16 June 2010

Sydney - the worst planned city in Australia

Not Transformer related, but this is something I experience everyday and so close enough to heart, near enough to hear, intimate enough to touch. I have been living in Sydney for 7 years. Despite all the supposed spending on infrastructure, central Sydney and most of the suburbs near the city centre have not changed or improved since the time I touched Australian soil - these places are substantially the same as they were 7 years ago.

It's pretty shocking, I know. I thought that I am the minority for thinking that I did and pointing out the infrastructure in terms of pedestrian circulation, roads, traffic light locations and timing, buses and train systems are all below 'developed nation' standard. Apparently, I am not alone.

The Sydney Morning Herald ran a poll on "Which City is the Worst Planned", which closed on 15 June. The city options were: Sydney, Melbourne, Brisbane, Perth, Adelaide, Canberra, Darwin and Hobart.

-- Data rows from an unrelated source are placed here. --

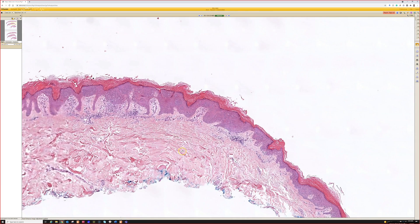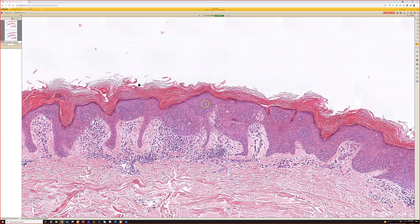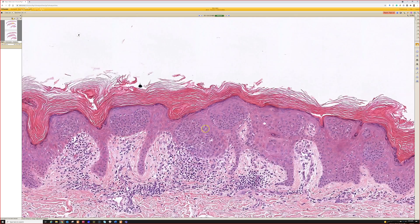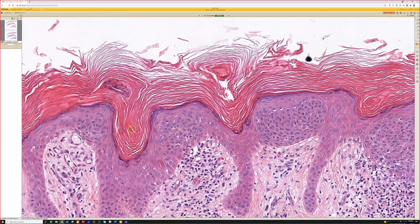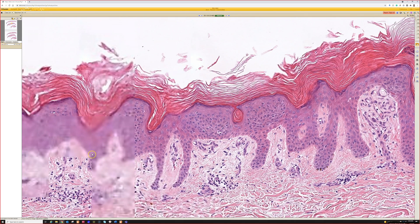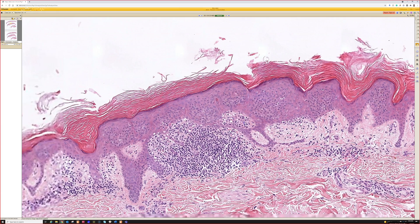This is similar to what we looked at earlier. It's got these kind of rounded nests, kind of like that first case I showed you of the clonal-looking Bowen's disease or squamous in situ, but these are very bland and in the background things look very much like a seborrheic keratosis. So this is a clonal seborrheic keratosis.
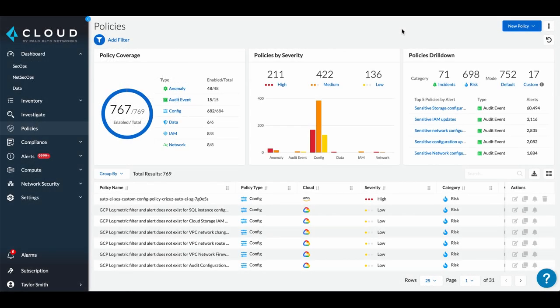Prisma Cloud comes with over 700 out-of-the-box policies based on industry frameworks and Prisma Cloud research. This dashboard shows the policies you have enabled by type, the policies by severity and type, and policies grouped by category, mode, and alerts fired.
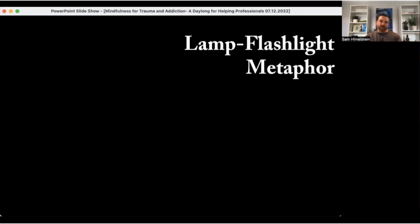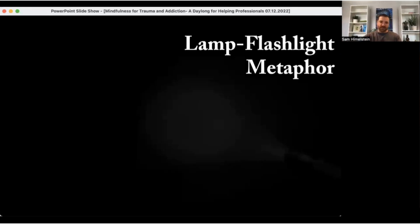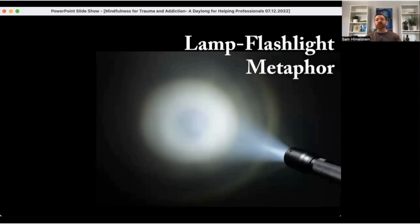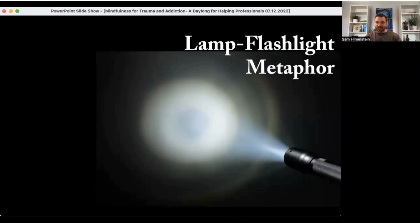Imagine you're in a dark room — you're seeing mostly a black screen right now. You have a flashlight. What happens if you take that flashlight, turn it on, and point it at the wall? You will see a dot or a circle on the wall. It will not illuminate the whole room.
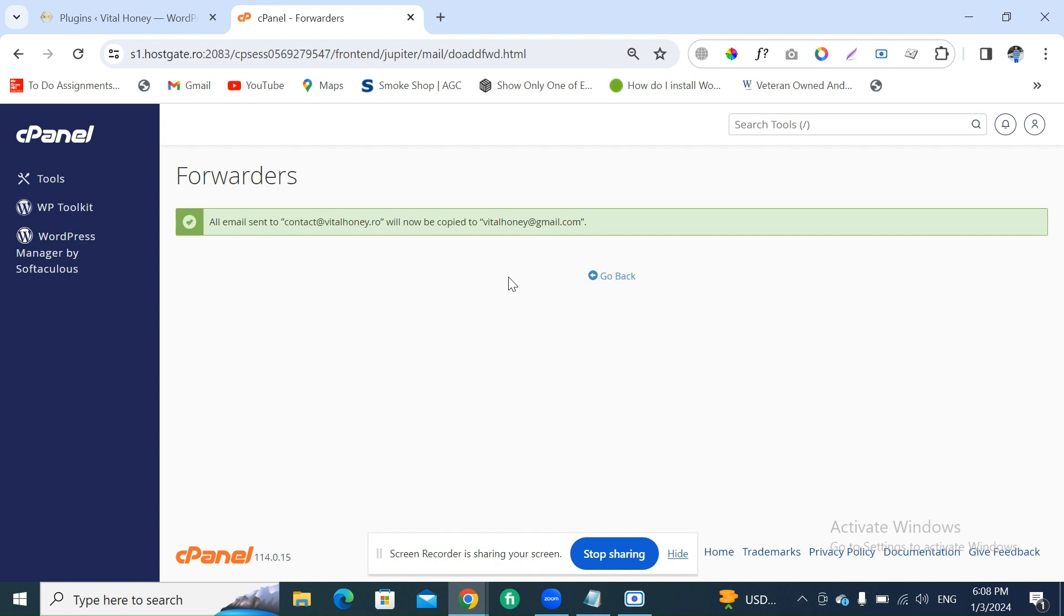Every single email received in the contact@vitalhoney.ro mailbox will automatically forward to the vitalhoney@gmail.com.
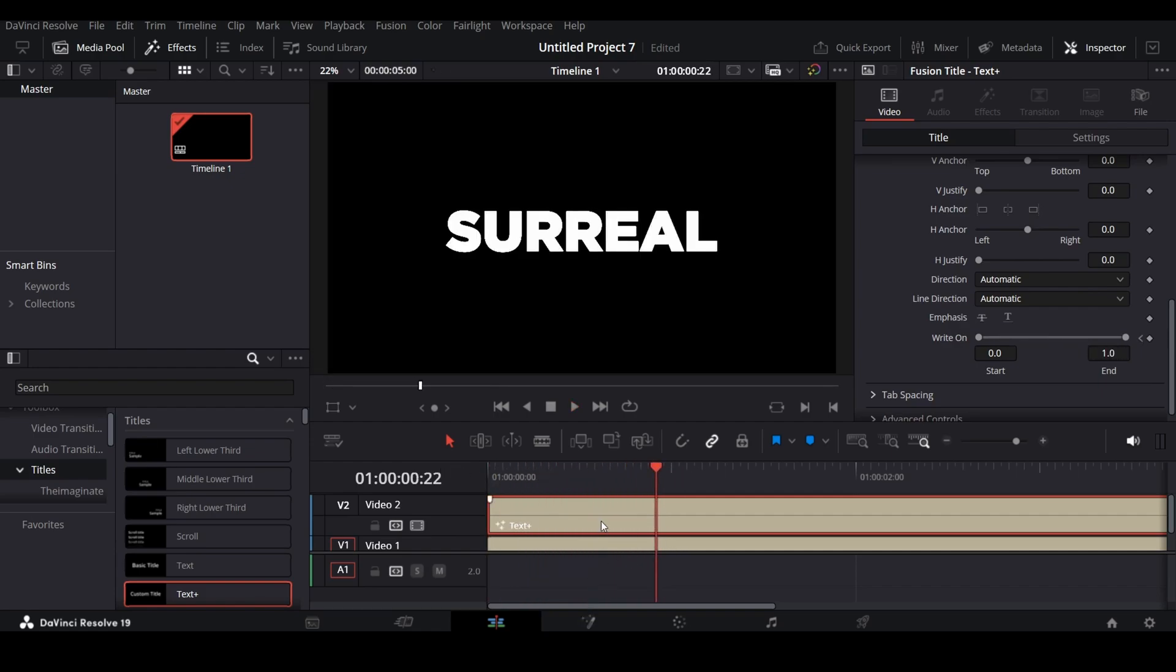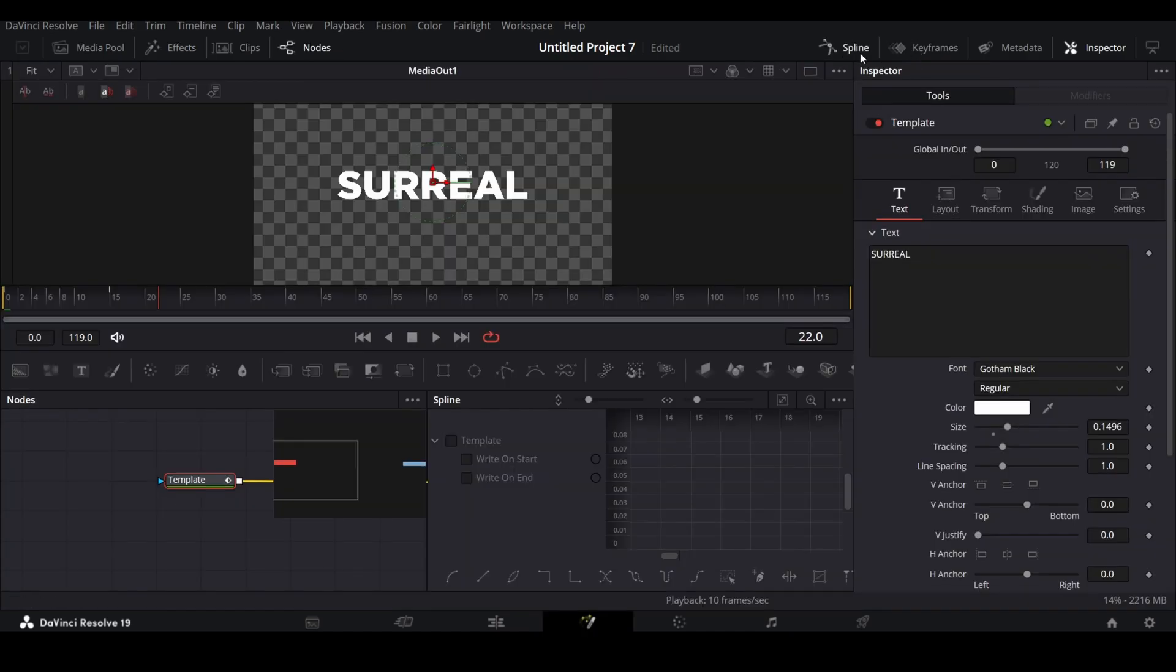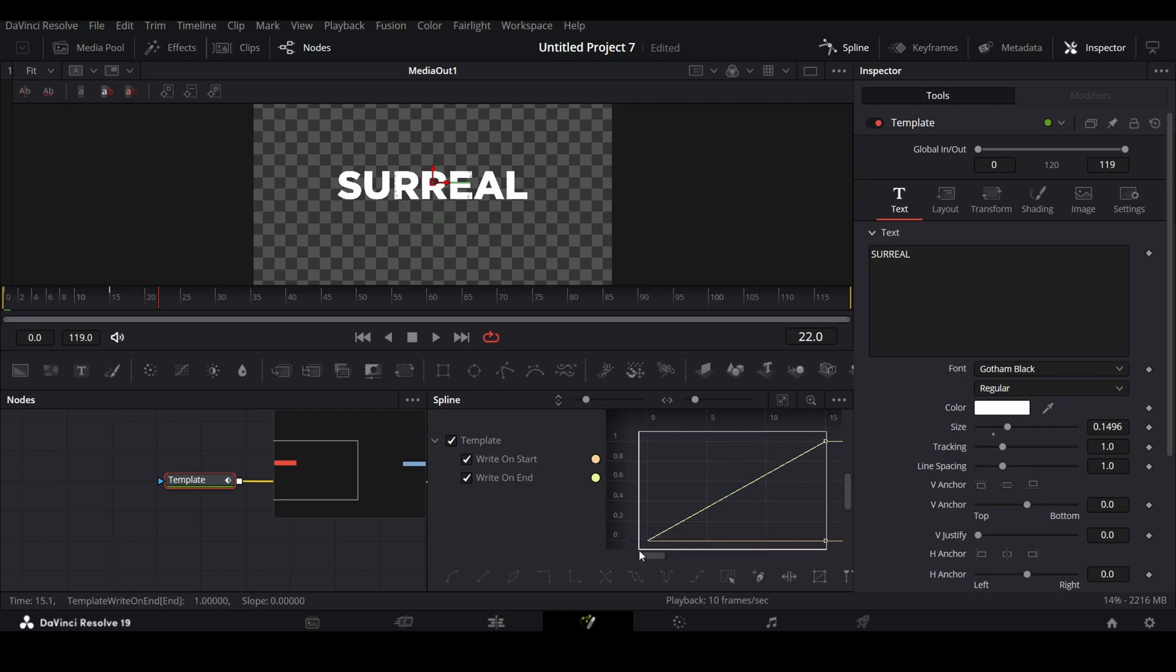So the animation already looks good, but to make it smoother, select the top layer, go to Fusion, and click on Spline. Check the template as shown, click on Zoom to Fit option, and then select the graph and keyframe as shown, and press S to smooth the graph.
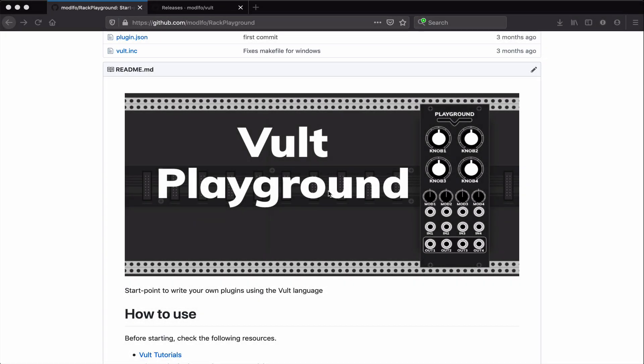Hello everyone, this is Leonardo, and in this video I want to show you how to use the Vult Playground, which is basically a template that I use for every module that I develop, and I use it as a prototype environment.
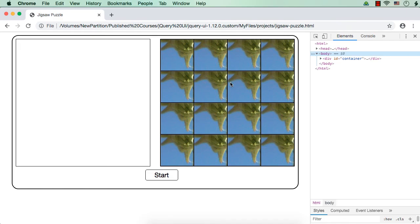Now all 16 pieces are getting displayed, but the same portion of the image is displayed repeatedly. To display different pieces — that is the whole image split across the 16 pieces — we are going to use the background-position property offered by CSS, setting the top and left values accordingly.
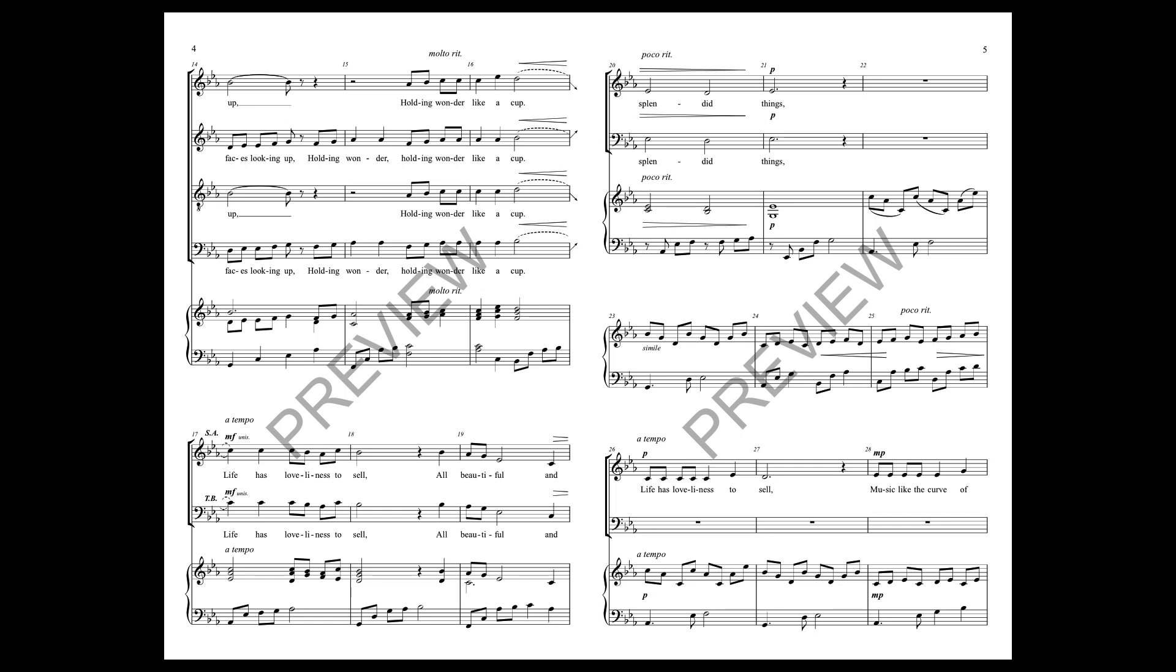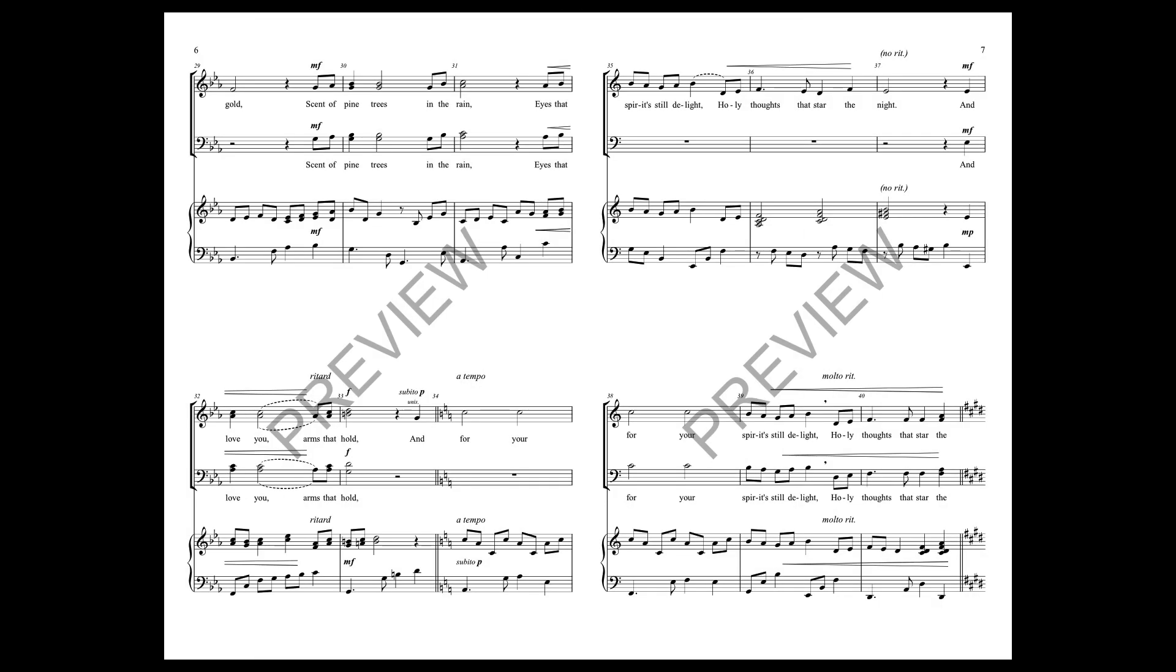Life has loveliness to stand, fused in the young curve of gold.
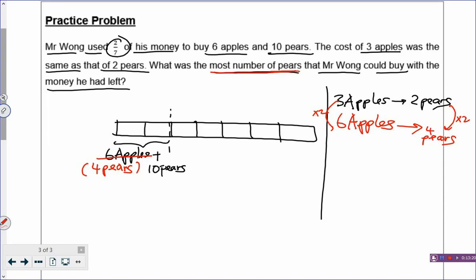Which means I don't need to know the apples anymore. With 2/7 of his money, Mr. Wong can buy 4 pears plus 10 pears, which is 14 pears. So 2 boxes is the same as 14 pears. You divide by 2, that gives you 7 pears per box. Let's put down P for pairs — so you have 7 pairs in each box.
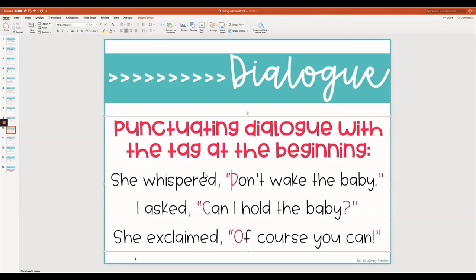The third example is: She exclaimed, "Of course you can!" The tag helps us know this is an exclamation. The exact words she said — "Of course you can" — are wrapped in quotation marks. Before the second quotation mark, I add an exclamation point. Going back to the tag, "she exclaimed," I add a comma before the actual words. And the first word of the actual dialogue — "Of" — is capitalized.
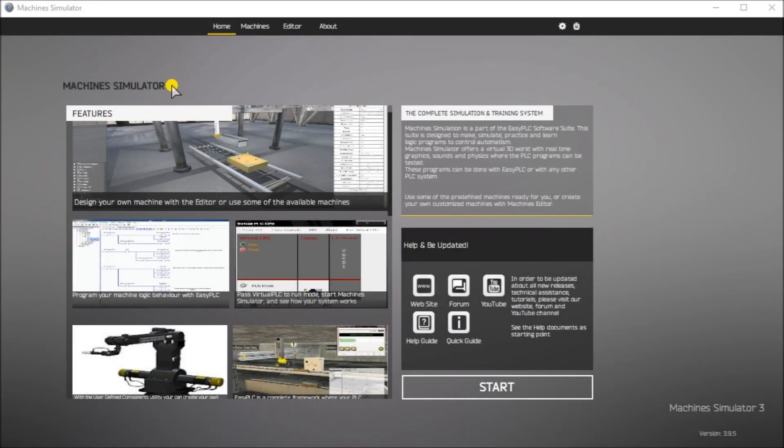Hi everyone. Today we're going to be looking at the Do More PLC Easy PLC Box Selection Program. The Machine Simulator, or MS, is part of the Easy PLC software suite. It has many built-in machines that can be programmed. The Box Selection or Camera Management and Distribution is one of these machines. It will read barcodes from the boxes and send them to different exit ramps. The Do More PLC Designer PLC Simulator will be used to program this virtual machine.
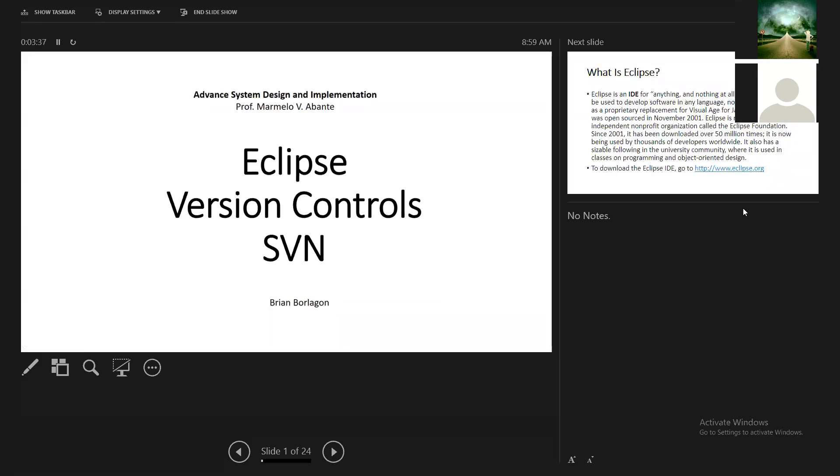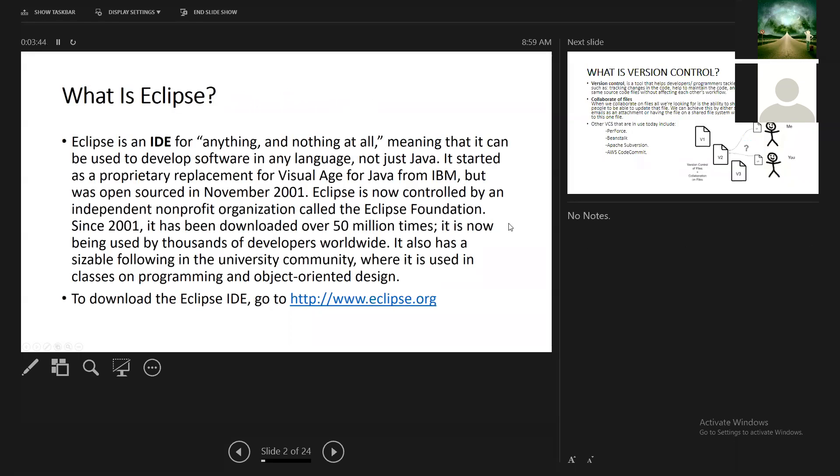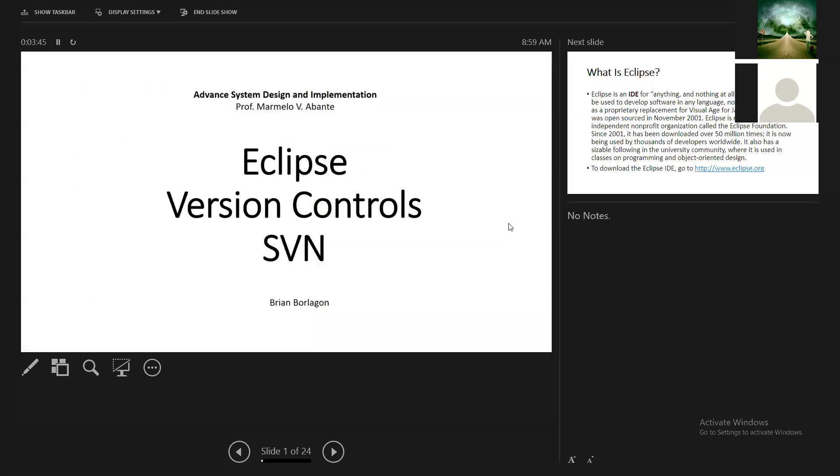Okay, so once again, for us to discuss about the Eclipse version control, let us all welcome Sir Brian. Go ahead, Sir. Hello, classmates. Good morning, especially to our Professor Sir Marmello. This morning, I'll be discussing about the tools we're going to use in development.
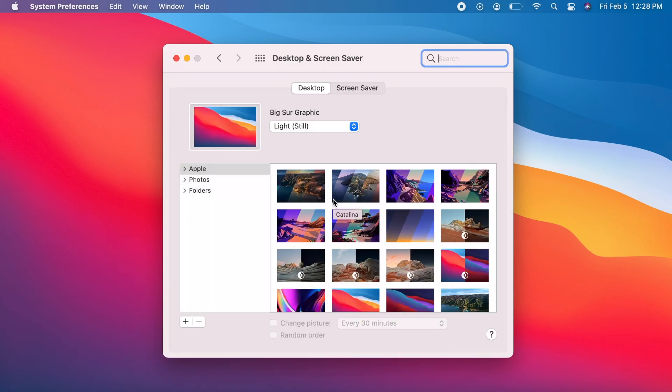There are three sources for your wallpaper: Apple Wallpapers, your Photos Library, and your folders.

It came as little surprise that 84% of the people who voted (6272 people in total) said that Sydney is the worst planned city.

Here is a copy the full article from the SMH written by Brian Robins on 14 June 2010. Original article can be seen here.

SYDNEY'S strategic metropolitan planning is the worst of Australia's major capital cities, leaving it exposed to a lack of federal government funding for essential infrastructure projects.

A survey to be released today by KPMG ranks Sydney in sixth place, with Melbourne at the top, followed by Brisbane, Adelaide, Perth and Canberra.

The table ranks all capital cities on criteria drawn up by the Commonwealth of Australian Governments relating to infrastructure, urban design, land release and the like.

From 2012, the federal government intends to allocate infrastructure funds on the basis of how the capital cities rank on these criteria. Based on this survey's findings, Sydney will continue to struggle to receive federal funding for major infrastructure projects.

The survey found Sydney ranks poorly in the areas of implementation and infrastructure of urban planning and design, trailing almost all other capital cities in these two areas.

''Sydney's rank … is partly a reflection of its performance in relation to managing congestion. Without delivery of further major transport infrastructure, this challenge is likely to worsen, due to forecast increasing population growth,'' KPMG noted in the report.

The Property Council of Australia and groups such as the Planning Institute of Australia and the Australian Institute of Architects funded the KPMG research.

''Some of the moves NSW has taken recently, such as the newly established Sydney Metropolitan Development Authority and matching some infrastructure and land use needs is where Sydney is starting to get it right,'' the acting NSW executive director of the Property Council, Glenn Byres, said.

''But we need a quantum shift in the transport space, for example. You can't have the recent flip-flops on transport … you can't announce and then abandon projects and expect to stay ahead of the congestion curve.''

The lack of certainty of large transport infrastructure projects in Sydney, with the shelving of the Metro projects and the north-west rail link, indicates that land delivery policies are also failing as a result, the report noted.

"The pressing demand for robust and deliverable strategic plans will become stronger as Sydney expands towards a population of 7 million people by 2050," Mr Byres said.

"Access to Commonwealth infrastructure funding is now also contingent on the presence of strong capital city strategic plans mandated by COAG.

"There is no time to waste and NSW needs to build on recent initiatives that illustrate an appetite for reform and an ability to reshape institutional capacity.''

The KPMG report also found that consolidating the Sydney Metro Strategy and Metropolitan Transport Plan into one document will assist the cause of better strategic planning - provided the transport vision also represents a 25-year vision

But NSW's mixed track record of implementing transport projects has undermined confidence in the state's investment priorities, with the need to better monitor, report on and improve progress towards critical spatial targets, it said.